NAME
SYNOPSIS
DESCRIPTION
- Additional methods
- Types of server
SEE ALSO
BUGS
AUTHOR
HISTORY

NAME

Server - generic TCP/IP server class

SYNOPSIS

  use NetServer::Generic;

  my $server_cb = sub  {
                         my ($s) = shift ;
                         print STDOUT "Echo server: type bye to quit, exit ",
                                      "to kill the server.\n";
                         while (defined ($tmp = <STDIN>)) {
                             return if ($tmp =~ /^bye/i);
                             $s->quit() if ($tmp =~ /^exit/i);
                             print STDOUT "You said:>$tmp\n";
                         }
		       };
  my ($foo) = new NetServer::Generic;
  $foo->port(9000);
  $foo->callback($server_cb);
  $foo->mode("forking");
  print "Starting server\n";
  $foo->run();

DESCRIPTION

NetServer::Generic provides a (very) simple server daemon for TCP/IP processes. It is intended to free the programmer from having to think too hard about networking issues so that they can concentrate on doing something useful.

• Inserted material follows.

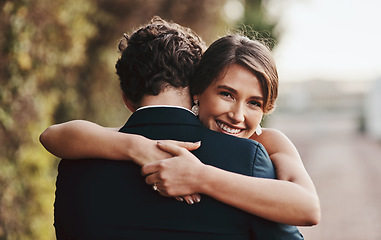 Image showing Couple hug outdoor, love marriage and commitment, wedding day with partnership and respect. Life partner, happiness and groom with bride smile and loyalty with happy people, trust and support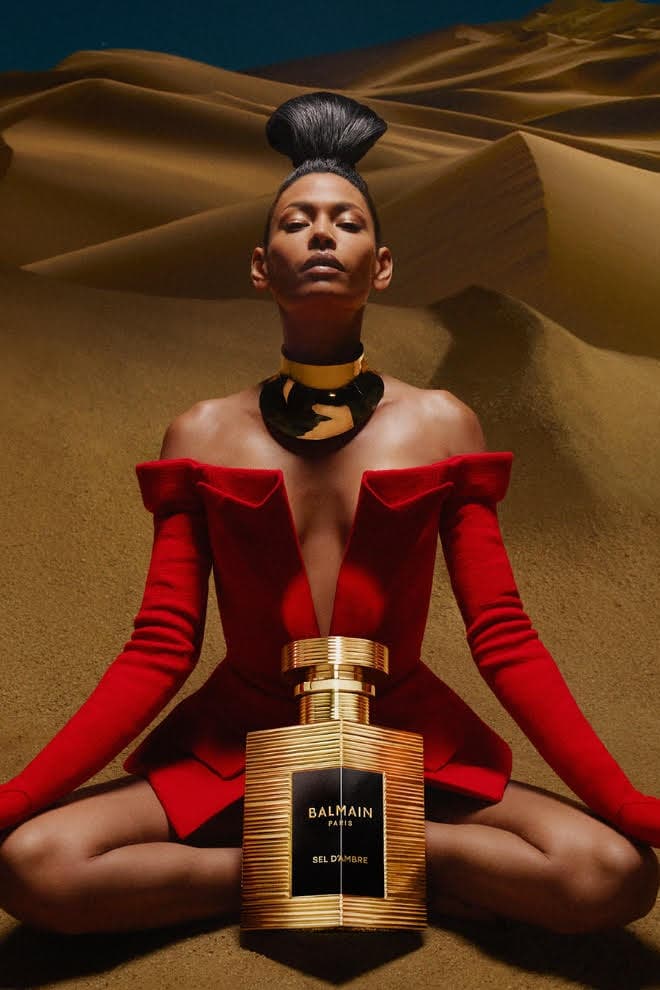 balmain beauty, fragrance, soo joo park model with red hair and bottle, olivier rousteing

The NetServer::Generic object accepts the following methods, which configure various aspects of the new server:

port

The port to listen on.

hostname

The local address to bind to. If no address is specified, listens for any connection on the designated port.

listen

Queue size for listen.

proto

Protocol we're listening to (defaults to tcp)

timeout

Timeout value (see IO::Socket::INET)

allowed

list of IP addresses or hostnames that are explicitly allowed to connect to the server. If empty, the default policy is to allow connections from anyone not in the 'forbidden' list.

NOTE: IP addresses or hostnames may be specified as perl regular expressions; for example 154\.153\.4\..* matches any IP address beginning with '154.153.4.'; .*antipope\.org matches any hostname in the antipope.org domain.

forbidden

list of IP addresses or hostnames that are refused permission to connect to the server. If empty, the default policy is to refuse connections from anyone not in the 'allowed' list (unless the allowed list is empty, in which case anyone may connect).

callback

Coderef to a subroutine which handles incoming connections (called with one parameter -- a NetServer::Generic object which can be used to shut down the session).

mode

Can be one of forking, select, select_fast, client, threaded, or prefork.

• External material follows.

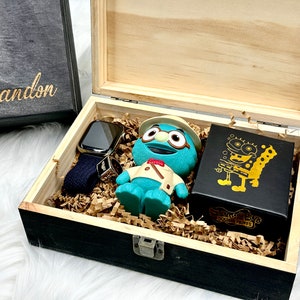May include: A wooden box with a black interior, filled with brown packing paper. The box contains a blue and green character toy, a black box with a gold character design, and a black and silver smartwatch with a blue band.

By default, forking mode is selected.

forking mode is selected, the server handles requests by forking a child process to service them. If select mode is selected, the server uses the IO::Select class to implement a simple non-forking server.

The select-based server may block on i/o on a heavily-loaded system. If you need to do non-blocking i/o you should look at NetServer::FastSelect.

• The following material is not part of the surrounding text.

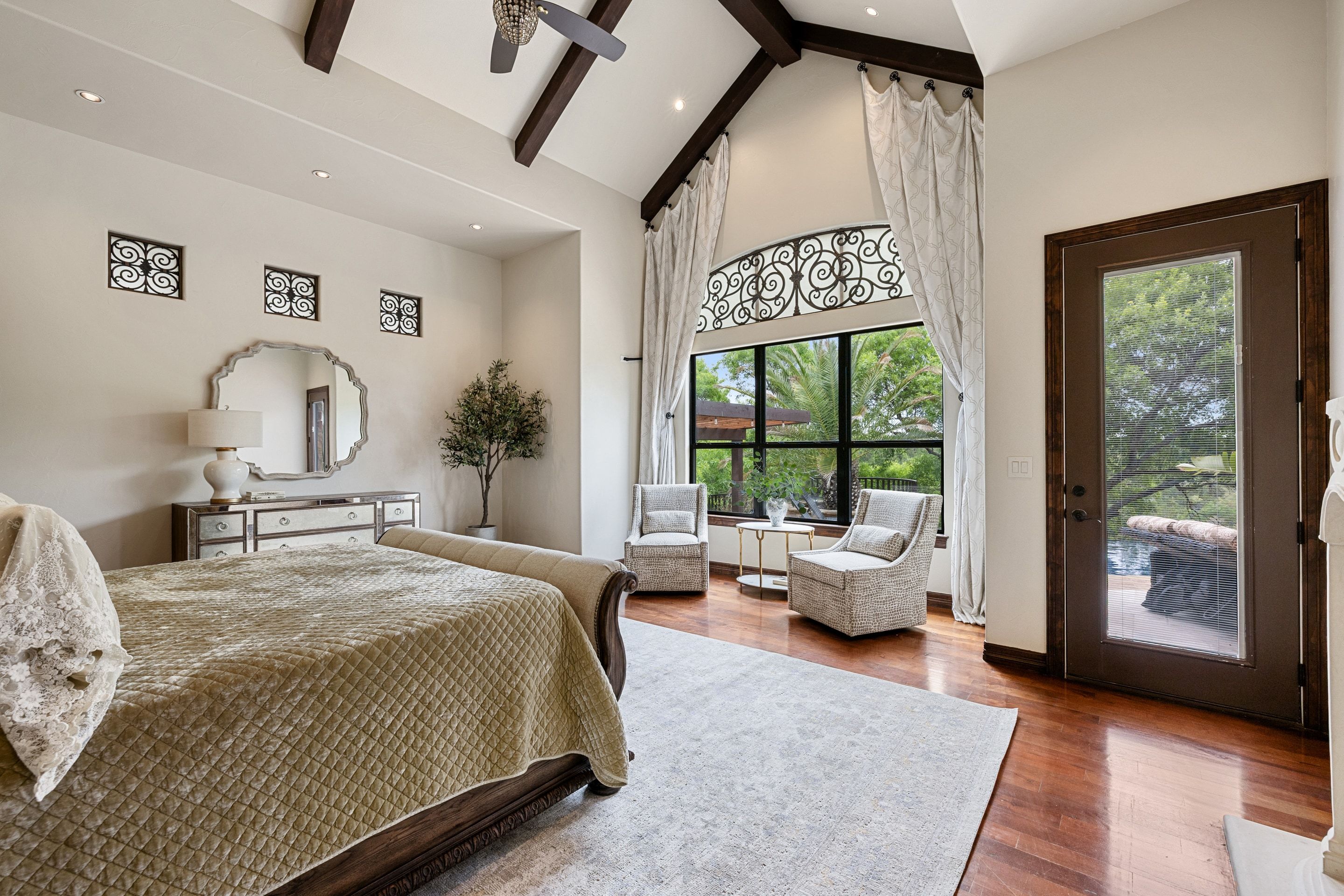 Primary suite at Lakehaven with a fireplace, sitting area, and access to the outdoor terrace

The client mode is special; it indicates that rather than sitting around waiting for an incoming connection, the server is itself a TCP/IP client. In client mode, hostname is the remote host to connect to and port is the remote port to open. The callback routine is used, as elsewhere, but it should be written as for a client -- i.e. it should issue a request or command, then read. An additional method exists for client mode: trigger. trigger expects a coderef as a parameter. This coderef is executed before the client-mode server spawns a child; if it returns a non-zero value the child is forked and opens a client connection to the target host, otherwise the server exits. The trigger method may be used to sleep for a random interval then return 1 (so that repeated clients are spawned at random intervals), or fork several children (on a one- time-only basis) then work as above (so that several clients poke at the target server on a random basis). The default trigger method returns 1 immediately the first time it is called, then returns 0 -- this means that the client makes a single connection to the target host, invokes the callback routine, then exits. (See the test examples which come with this module for examples of how to use client mode.)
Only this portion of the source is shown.